夜空を眺める私の右手に触れた温もり。優しく重なったのは、はじめの左手。気付いて横を向いた私に、照れたようにニッと笑うはじめ。
「‥皆、見てないから、な!」
そう言って、手を握ってくる。
‥そんな私達に気付いた椿とことはが、ニヤニヤしていて。
いやいや、はじめ‥。‥バッチリ気付かれてるよ?
勿論、嬉しそうに夜空を見上げるはじめは‥2人の視線に気付いていない。微笑ましい私達にキュンキュンしている椿と、はじめの照れ顔を無事に拝んで満足気なことは。
その状況に、私は1人静かにクスリと笑った。
「‥私も大満足だよ。」
そう小さく呟き、夜空を見上げた‥その直後。
ひときわ大きな火柱が立ち上り。周囲の人々から、歓声と拍手が巻き起こった瞬間。最後の花火が、大輪の花を咲かせて‥暗闇の中に静かに散っていった。
ひとたび、余韻に浸っている人々で静まり返る河川敷。私達も視線を戻して川面を眺めながら暫く黙っていた。

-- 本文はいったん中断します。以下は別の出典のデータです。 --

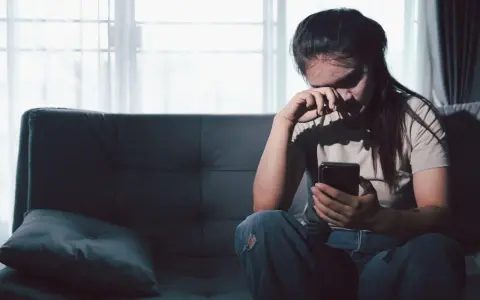 Zmartwiona kobieta siedzi na kanapie, trzymając telefon. Czyta wiadomości, które mogą dotyczyć jej związku z rakiem i wagą.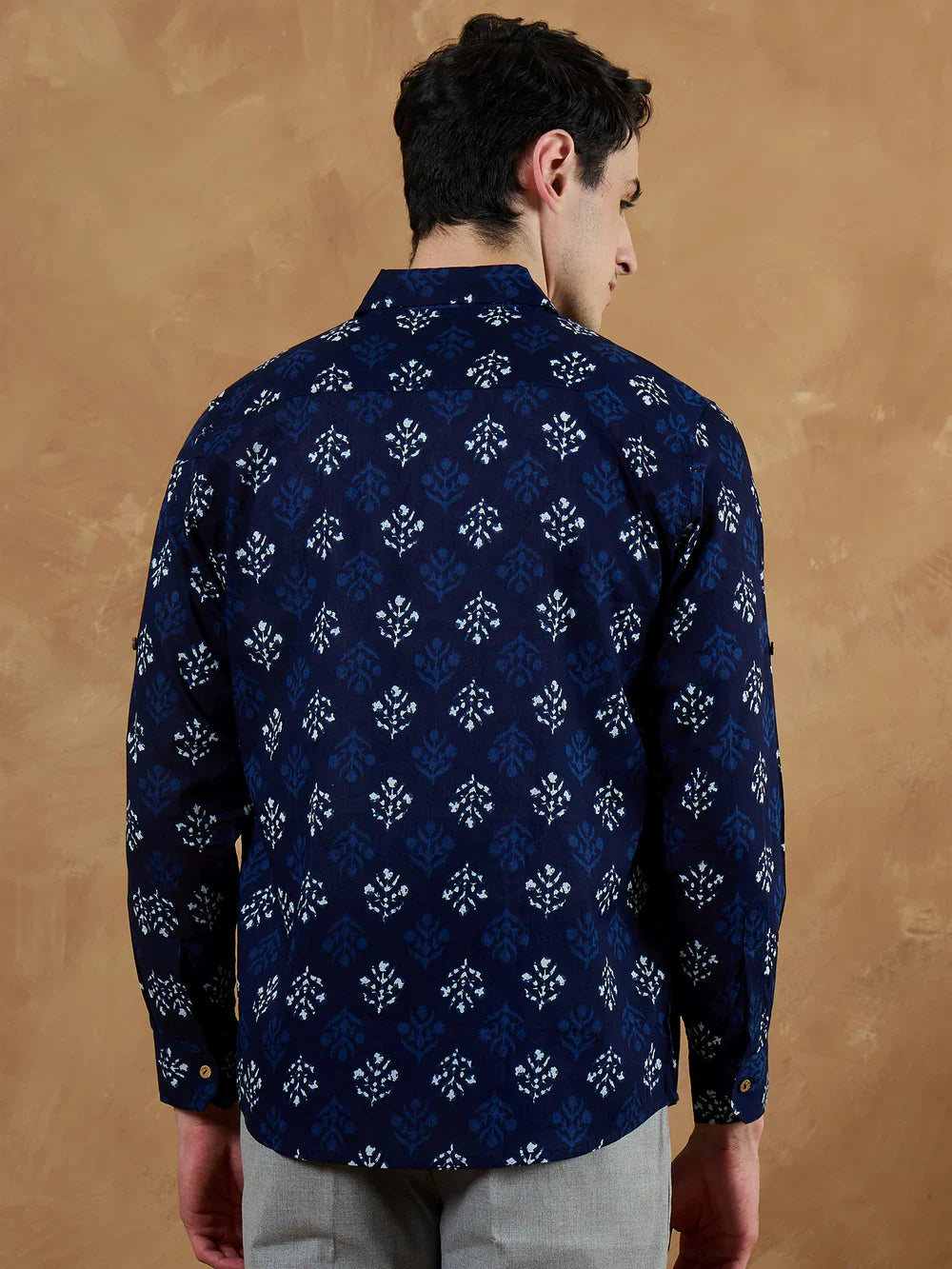 Man wearing a navy blue patterned shirt against a brown background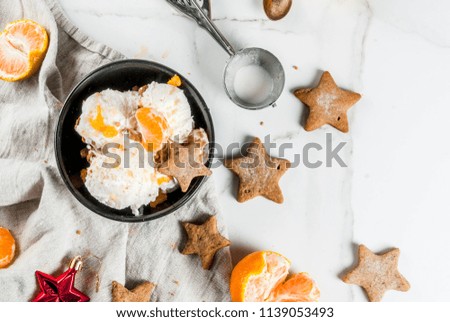 Winter Ice cream with gingerbread and tangerines, on white marble background, copy space top view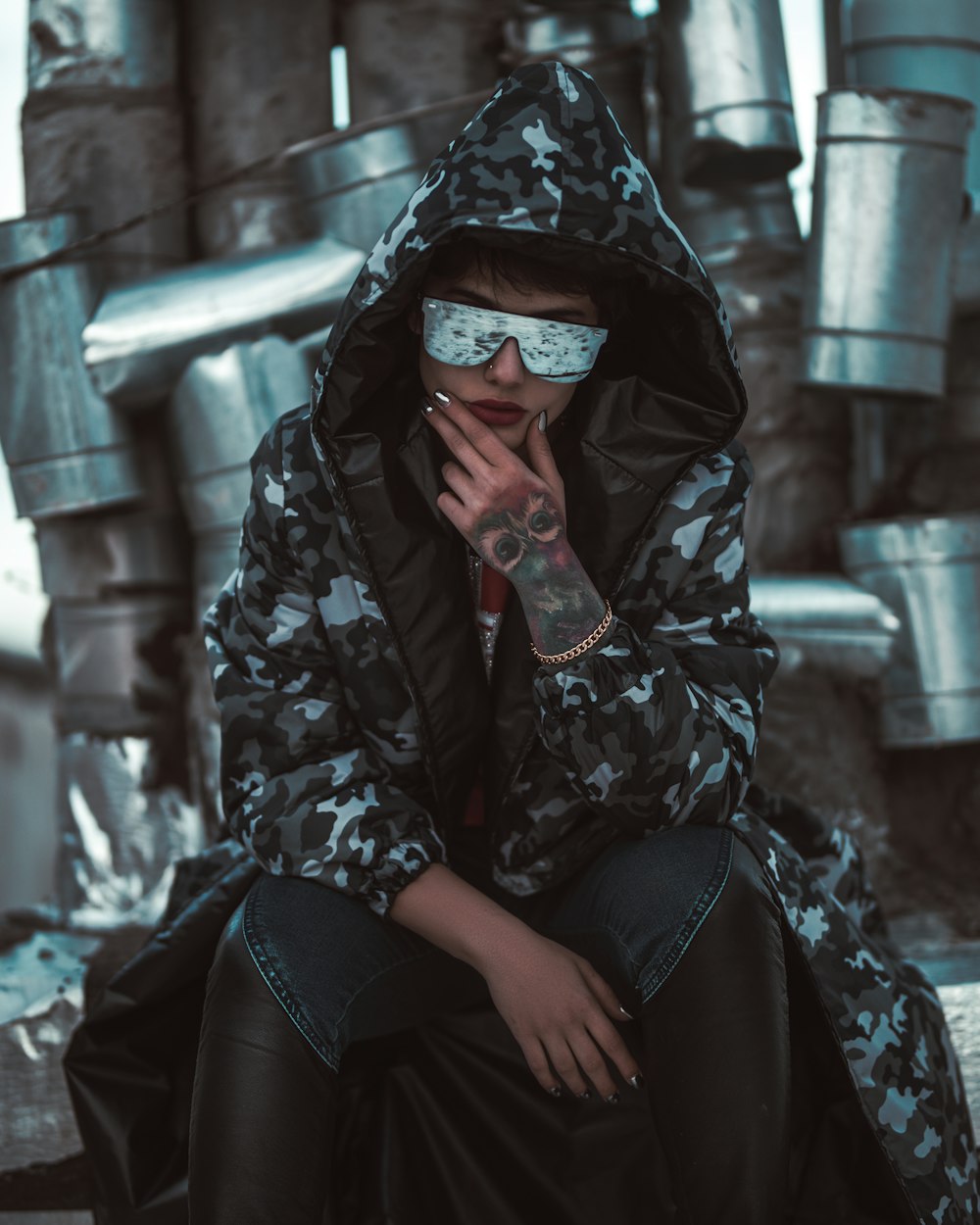 woman in black coat sitting outside during daytime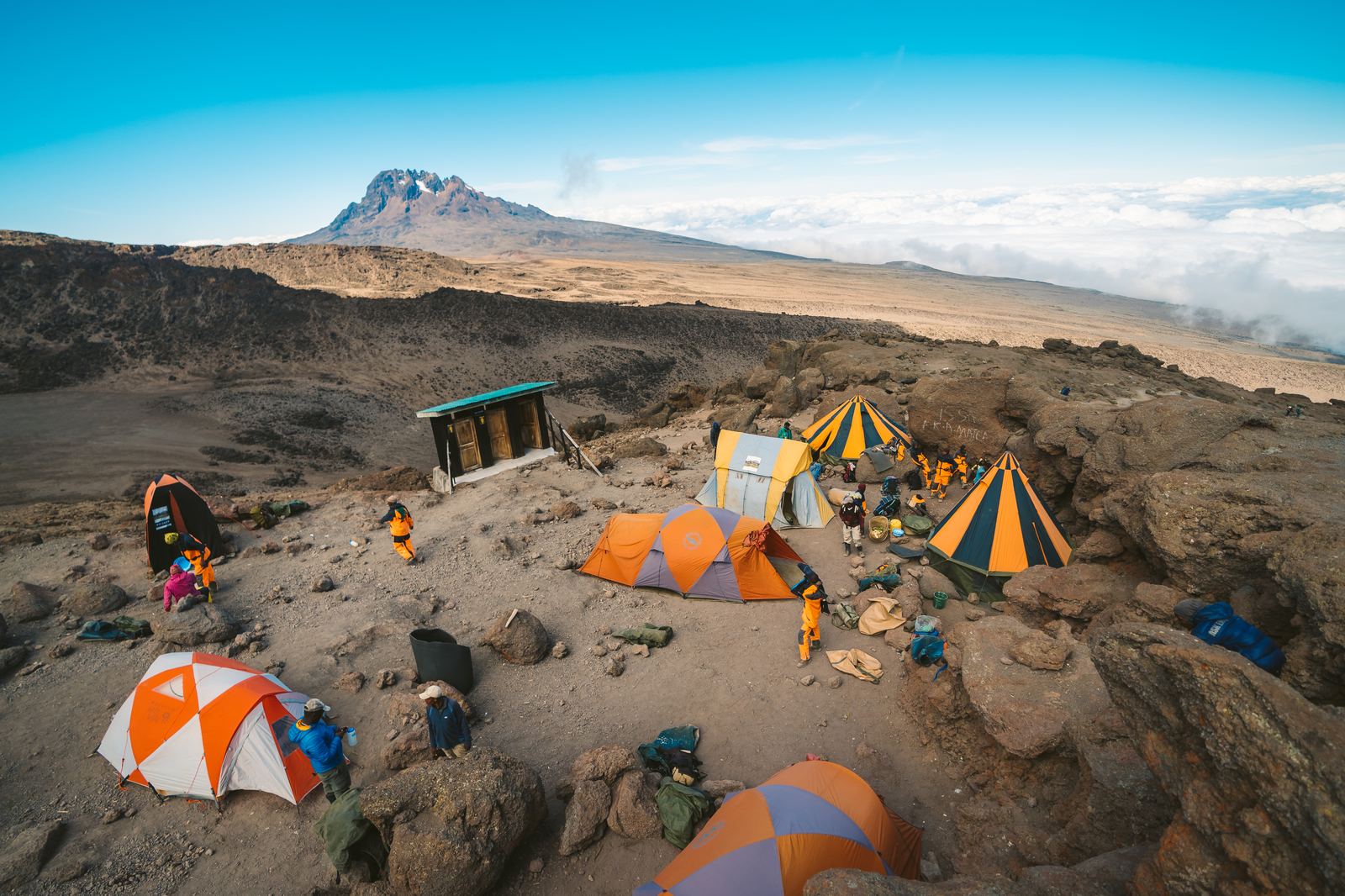 Barafu base camp tents on barren volcanic plateau below the summit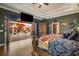 Main bedroom showcasing access to an outdoor pool area and a sitting area at 11296 Warm Wind Way, Weeki Wachee, FL 34613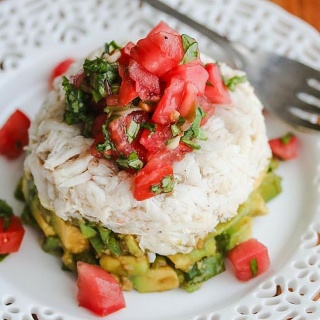 Crabmeat Avocado Tomato Basil Appetizer with Wasabi Soy Dressing - impress your guests with this beautiful presentation. The wasabi soy dressing spices things up a bit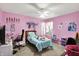 A bedroom with pink walls, and a ceiling fan, with toys and various decor at 15264 Ten Point Dr, Noblesville, IN 46060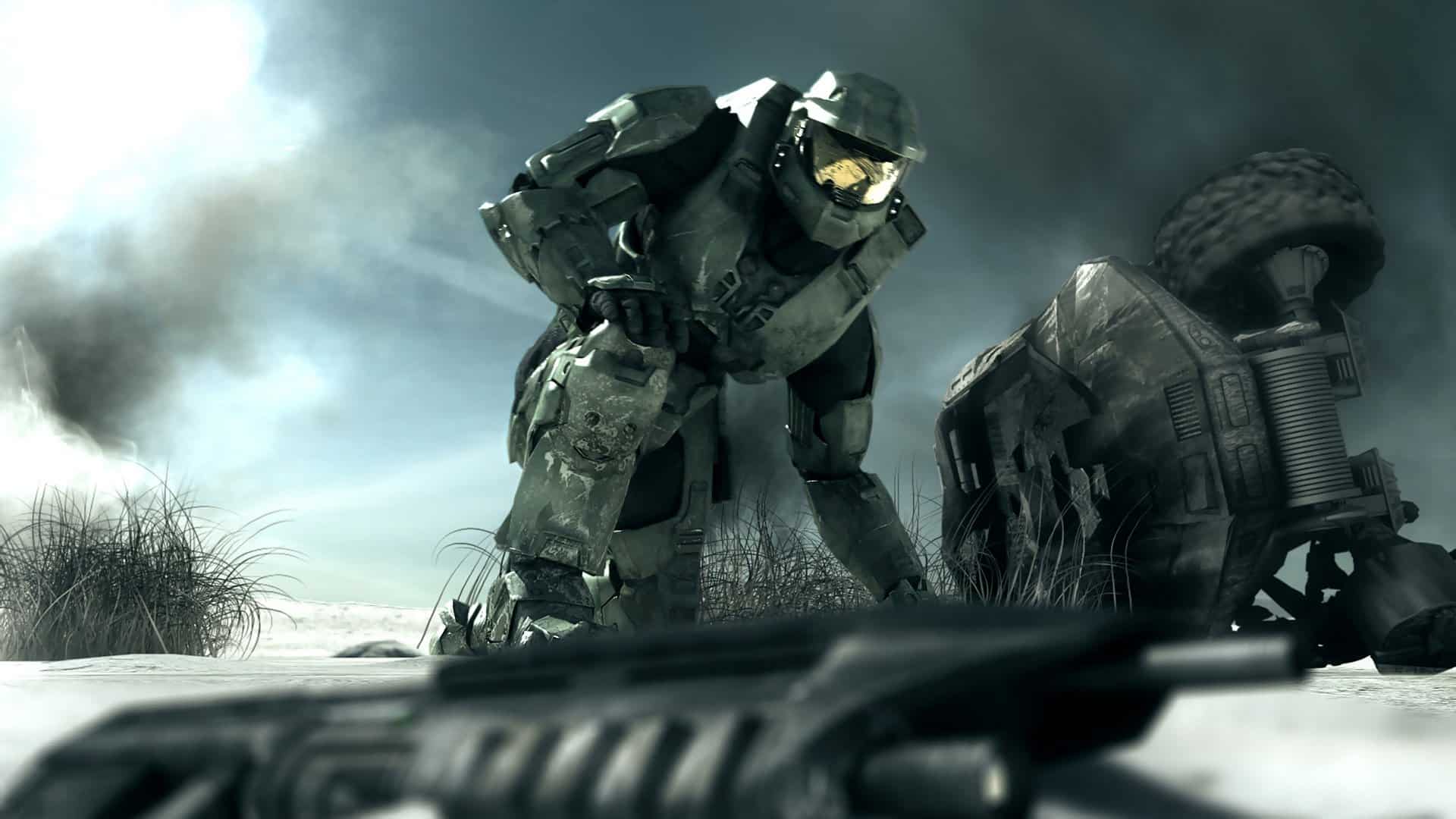 The Master Chief getting to his feet after his vehicle flips over, and looking over at his weapon.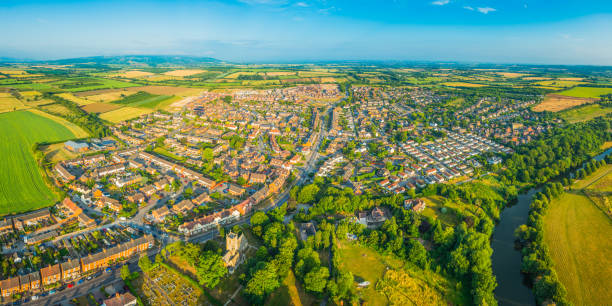 istock Aerial panorama over town river suburban homes surrounded by fields 1001431050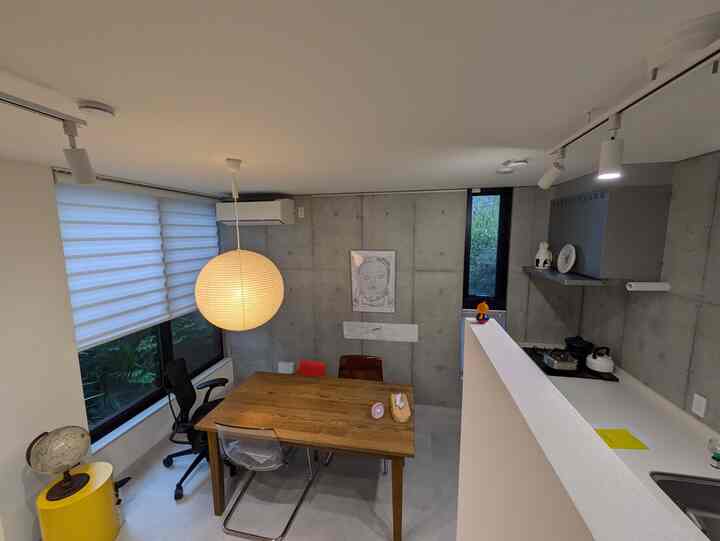 白と茶色の調和が美しいモダンなダイニングルーム、木製のテーブルとペンダントライトが配置された印象的な空間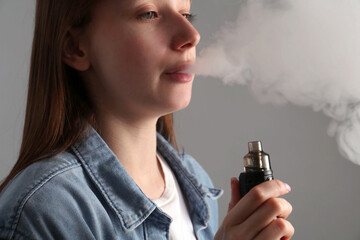 Woman using electronic smoking device on grey background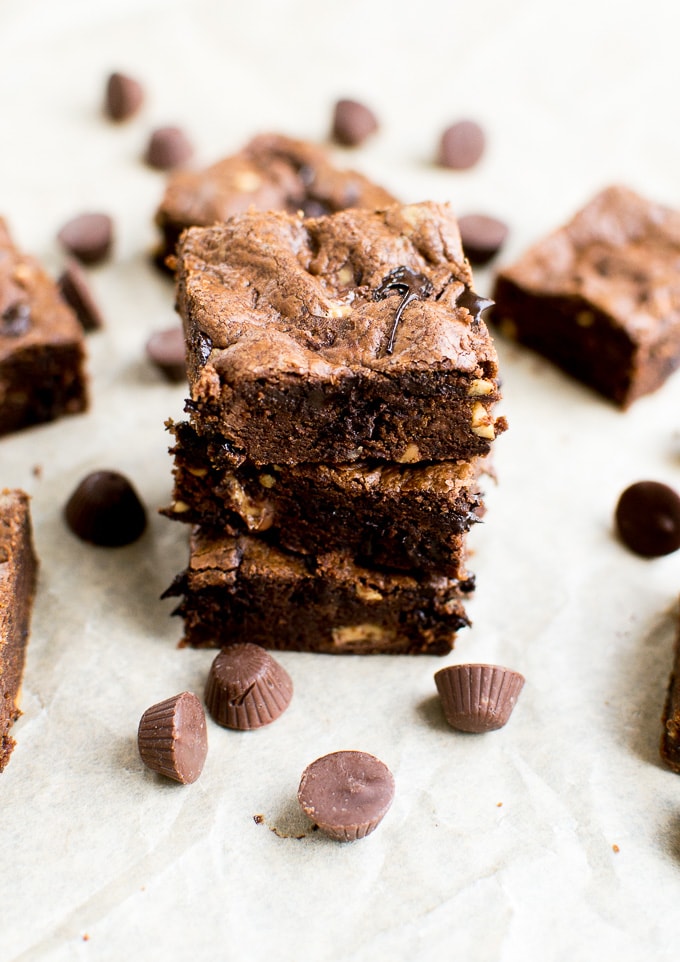 Rich chocolate brownie chunks with mini chocolate chips, on parchment paper backdrop, close-up image.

‥遠くから、夏祭りの終了を知らせるアナウンスが聞こえて来る。静かに賑わいを取り戻しながら、帰り始める人々。
私は、はじめの顔を見て頷いた。
「‥帰ろう、はじめ。」
手は、まだ繋いだまま。
ああ、と頷いて立ち上がるはじめと私を見て、何も言わずに笑う柊。
「‥お前ら、片付けするぞ。」
そう新入生達に声を掛けると、こちらに背中を向けた。
「‥行けってさ!」
柊のその背中を見て、微笑みながらそう言うはじめ。
椿とことはも笑顔で頷いていた。
「「‥行って。」」
‥ありがとう。
私は2人に微笑んではじめの手を強く握った。
皆に背中を向けて歩き出す私達。不思議と悲しくはなかった。人波に混じってゆっくり歩く。
‥今、何時なんだろう?
そう思って確認しようとスマホに伸ばした私の手を、掴んで制止してきたはじめを驚きながら私は見上げた。